Key findings of the report:
– Total broadband lines increased by 7% in the last six months from 64 million in Q1 to 68.4 million lines in Q3 2006, but growth has slowed dramatically since the previous half year (Q3 2005) where 23% growth was reported
– In the EU15, growth was particularly strong in the UK and Germany (both 15%), as well as in Ireland (30%) and Greece (63%), although in Greece growth is from a particularly low base
– Growth stalled in a number of countries including Denmark and Belgium, which experienced just 4% growth and France, where growth was 10% after a strong performance in 2005. Spain, Sweden and Austria also suffered a slow-down
On the positive side, broadband surged in Germany, where Deutsche Telekom’s retail share fell below 50% for the first time following recent action by the regulator, and in Ireland, where competition also intensified. The UK also exhibited strong growth, driven by entrants’ investment in unbundled local loops.
Clausen said, “It seems that the UK has learnt some of the lessons that propelled France up the league table, and is now reaping those rewards with a multitude of offers to consumers. Germany too is starting to show signs of progress which is very welcome after a slow start.”
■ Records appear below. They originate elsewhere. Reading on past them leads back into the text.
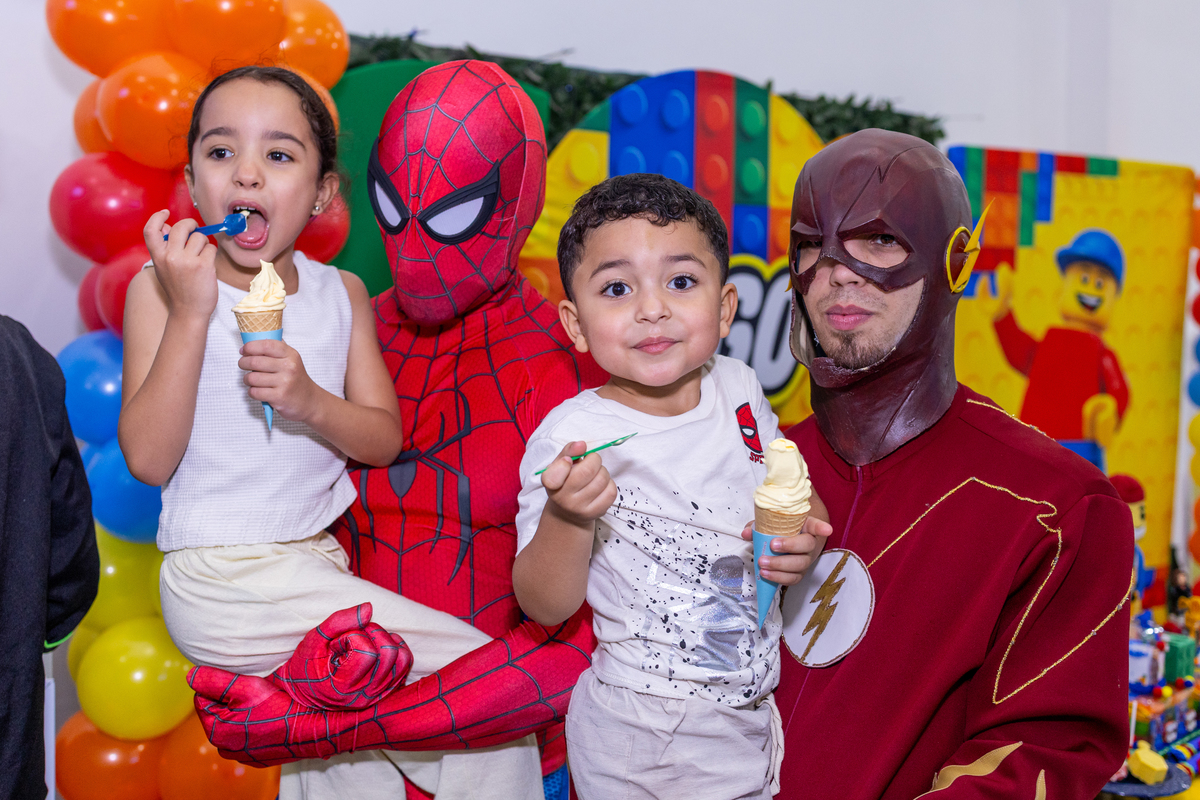aniversario 7 anos, aniversario 4 anos, aniversario infantil, festa de criança, diversão, festa temática, lego, homem aranha, personagens, familia, momentos felizes, decoração de festa, parabéns, festa de aniversário, fotografia infantil, fotografia de fe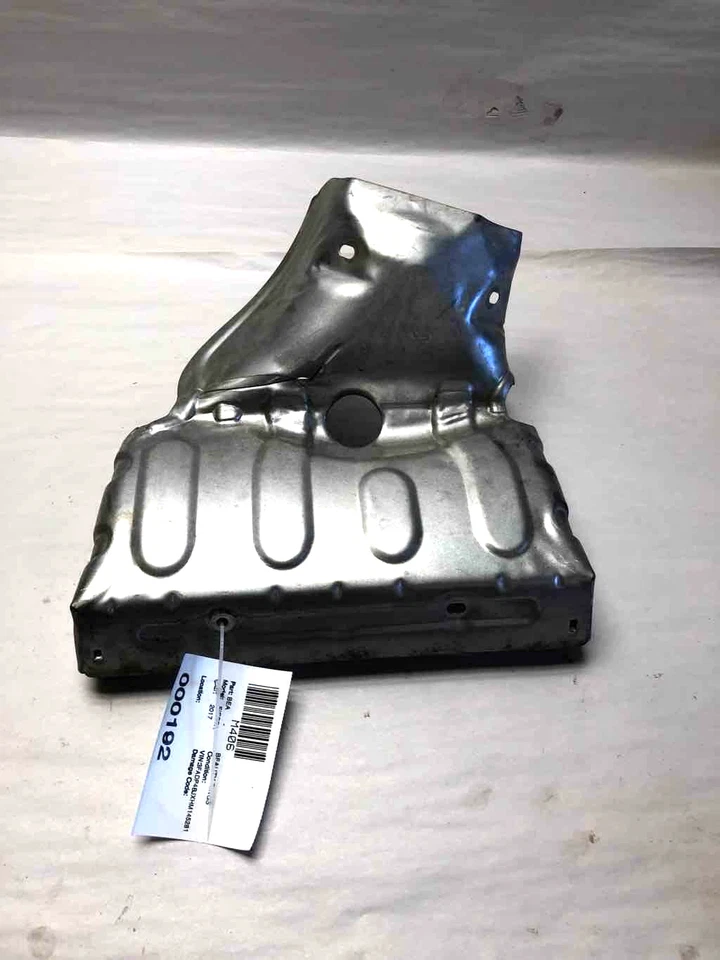 Ford Fiesta 2017 colector de escape cubierta protectora térmica aluminio 1,6 L OEM Foto 3 de 4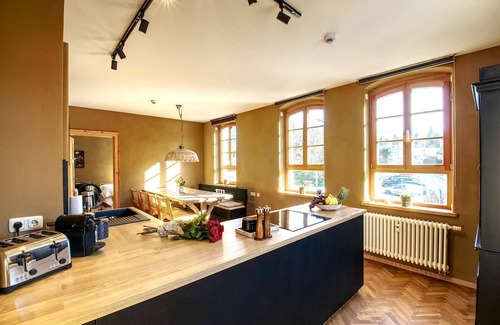 Cranzahl Apartment | Spacious vacation apartment with 3.5 bedrooms in an old town hall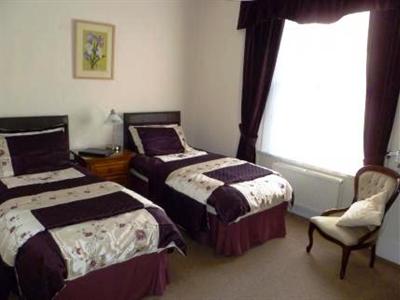 фото отеля Villa Marina Guest House Torquay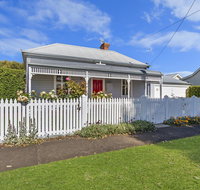 Red Door  Wishart - Accommodation Melbourne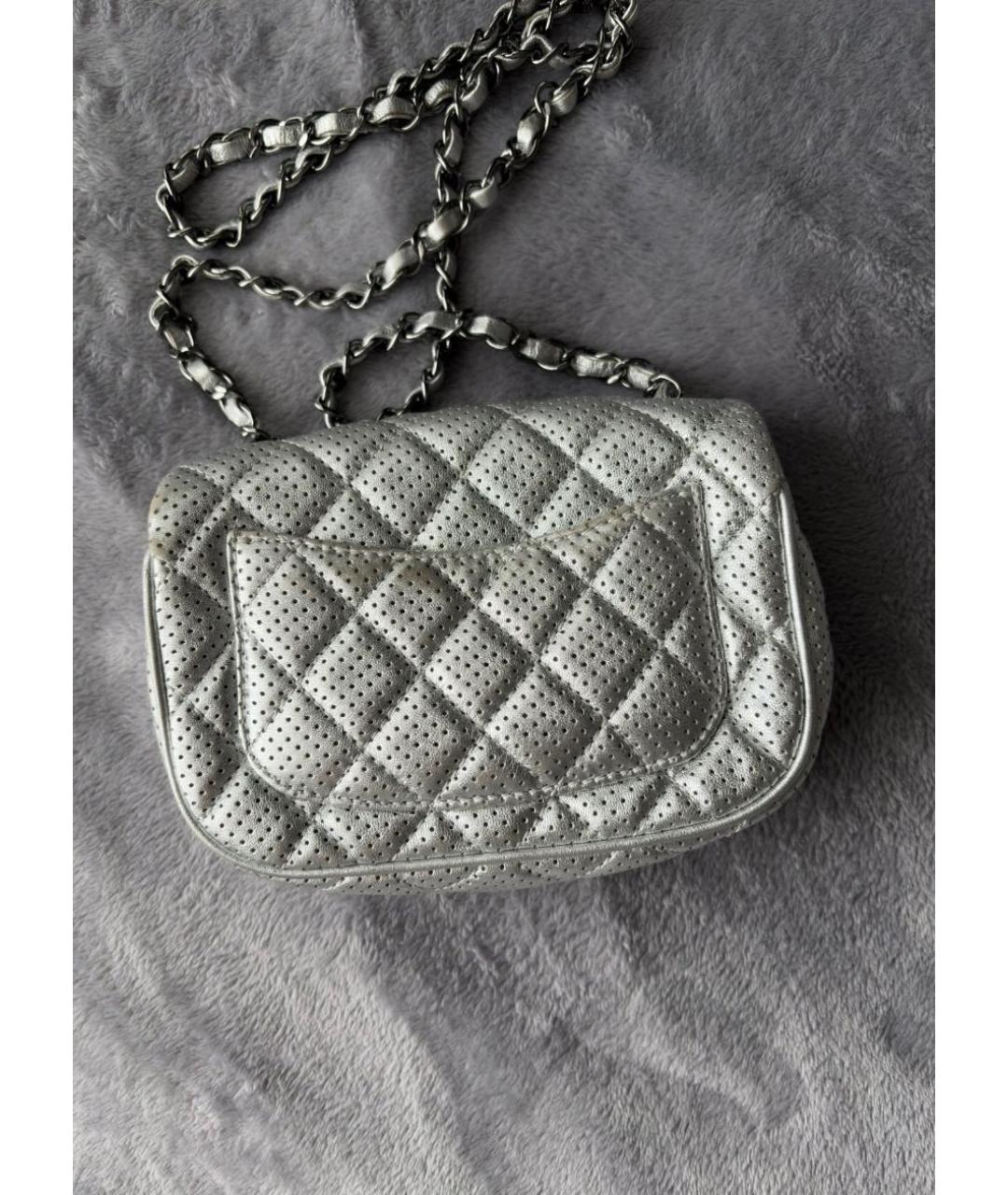 CHANEL Серебряная сумка через плечо, фото 3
The link between increased power for incumbents and stagnation has been confirmed by studies such as SPC Network ‘Broadband Markets in the EU: the importance of dynamic competition’, which concluded that Europe could gain an extra 20 million broadband lines by opening markets further to competition.
Clausen said, “This is a powerful warning for Governments not to protect national champions, either now or for the future. Monopolies have never been good for consumers, and in some industries Governments have to take action to let competition flourish. In energy for example, the Commission is proposing extra measures to open markets to competition. We believe this could provide some valuable lessons for telecoms.”